If more nuclear warheads are deemed necessary in the near term, today’s Ohio-class submarines, whose missile loadouts were reduced to comply with the New START Treaty, could carry about 800 more warheads than they do today—twice as many as currently carried by U.S. ICBMs. In the longer term, the Pentagon could add to the planned 12 next-generation Columbia-class missile submarines or build more B-21s and cruise missiles for a fraction of Sentinel’s cost.
Dangerous
ICBMs sit in fixed, in-ground silos visible from space. Adversaries know exactly where they are. Sentinel proponents call this a virtue for two reasons.
First, they say these missile fields increase deterrence by raising the cost of a first nuclear strike on the U.S. homeland: they argue that an adversary would need to expend a large fraction of its nuclear arsenal to wipe out all 450 silos. This line of reasoning ignores the submarines, which could mount a counterattack no matter how many land-based missiles are destroyed.
Moreover, an attack on this “nuclear sponge” would incur horrific human costs. Millions of Americans living in ICBM-host states—Colorado, Montana, Nebraska, North Dakota, and Wyoming—would be subject to lethal fallout. Depending upon the direction of the wind, virtually everyone in the continental United States, Canada, and northern Mexico would be at some risk of receiving a lethal dose of radiation. (If Sentinel is not cancelled, Congress and the administration should at least require and release a full assessment of the potential effects of attacks on the ICBM silos.)
Second, proponents say the ICBM force is the “most responsive” leg of the triad because it is kept on a hair-trigger posture, lest it be wiped out in an enemy first strike. Again, this ignores the submarines, which stand no less ready.

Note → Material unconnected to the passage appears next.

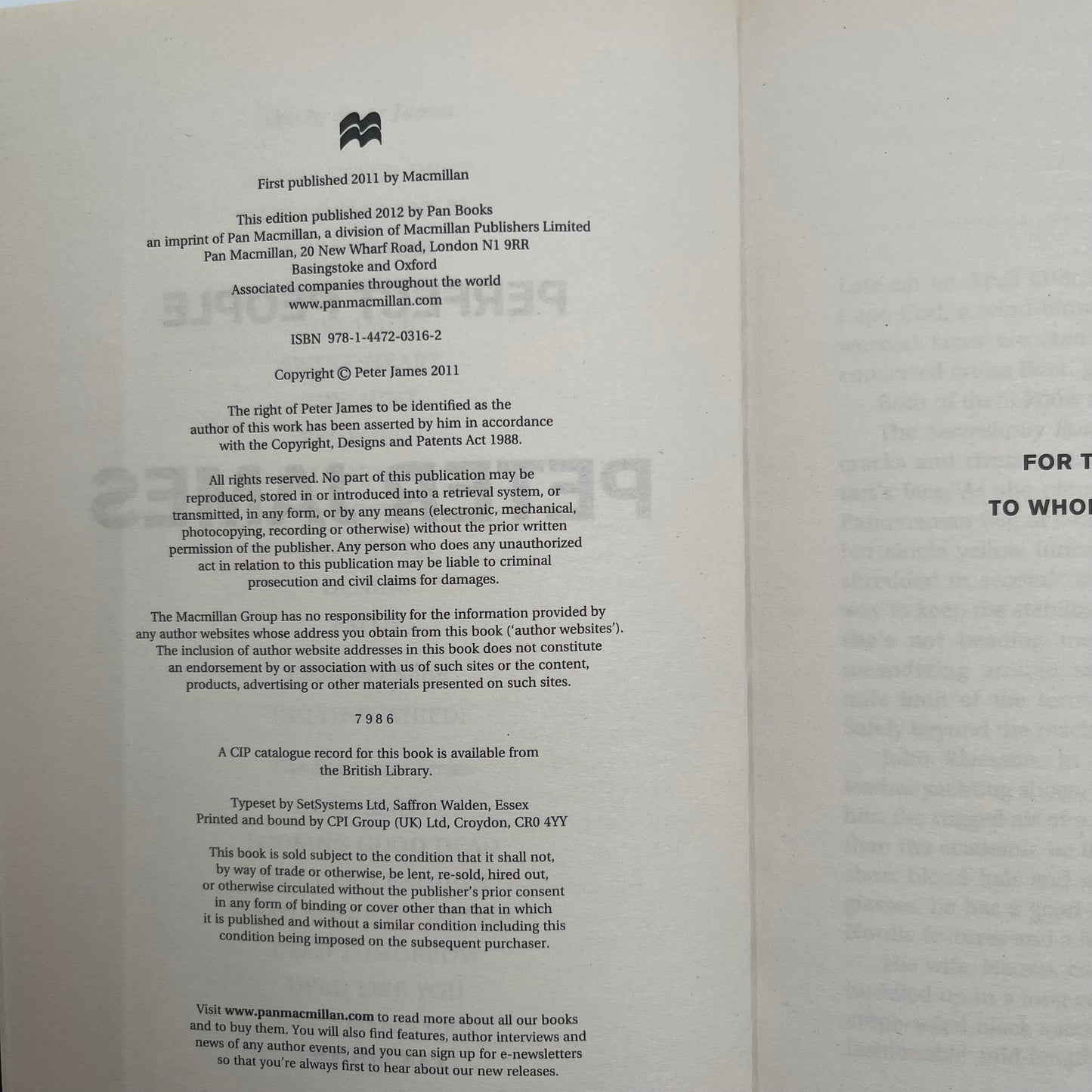 Perfect People - Peter James - Condition Detail 2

This attempt to make a virtue of vulnerability also ignores the terrible risk that these missiles might be launched by mistake. When warned of an incoming strike, the president has only about seven minutes to decide whether to launch the ICBMs. This leaves very little time for deliberation or verification of the attack. In the past, there have been mistaken alerts of incoming nuclear attacks that could have triggered a U.S. launch.

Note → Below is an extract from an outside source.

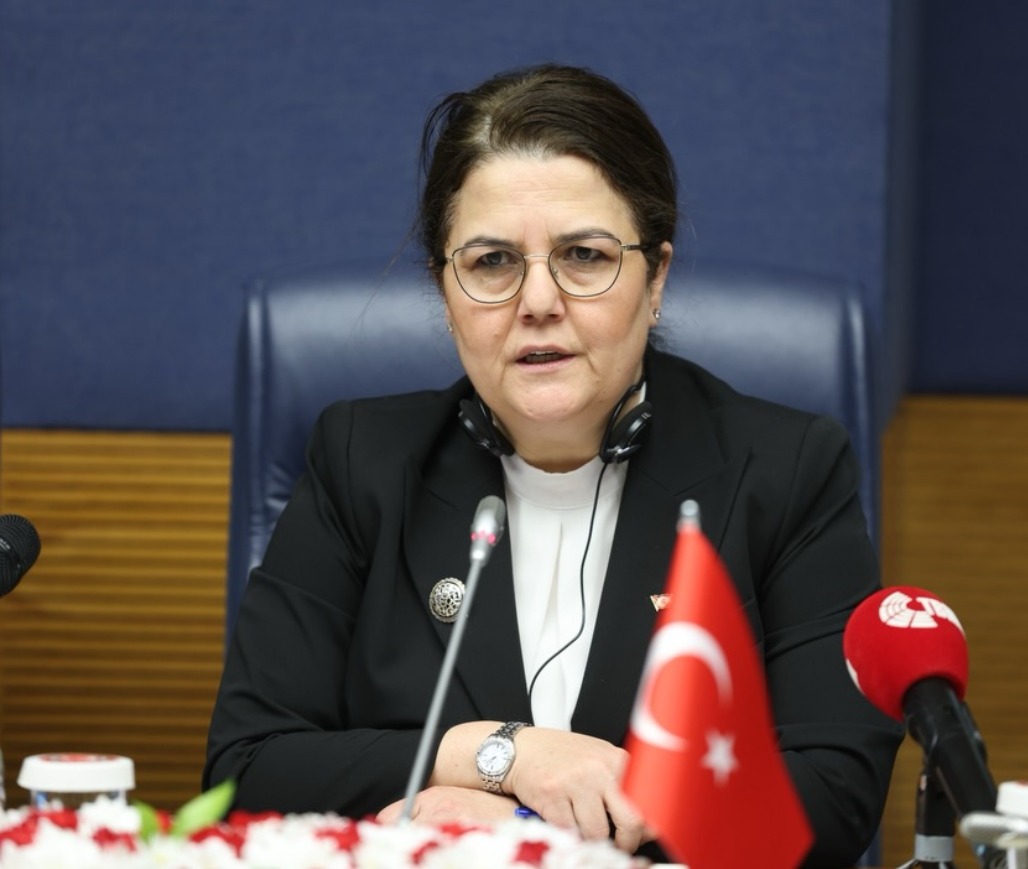 Derya Yanık Avrupa Parlamentosu İle İnsan Hakları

Currently, neither the House or Senate Armed Services Committees are planning hearings on the Sentinel cost overrun or on alternatives to proceeding with the program. The Bicameral Nuclear Weapons and Arms Control Caucus therefore plans to hold an unofficial hearing in July. The Armed Services Committees and the administration too should consider the alternatives instead of charging blindly ahead. We believe that they would find canceling Sentinel is the only reasonable path to reducing the risk of accidental nuclear war and cutting back the endless spiral of increasing nuclear costs.
Dr. Sébastien Philippe is a Research Scholar in the Program on Science and Global Security at Princeton University.
Sharon K. Weiner is an Associate Professor at the School of International Service, American University and a visiting researcher at the Program on Science and Global Security, Princeton University.
Frank N. von Hippel is a senior research physicist and professor of public and international affairs emeritus with Princeton’s Program on Science & Global Security.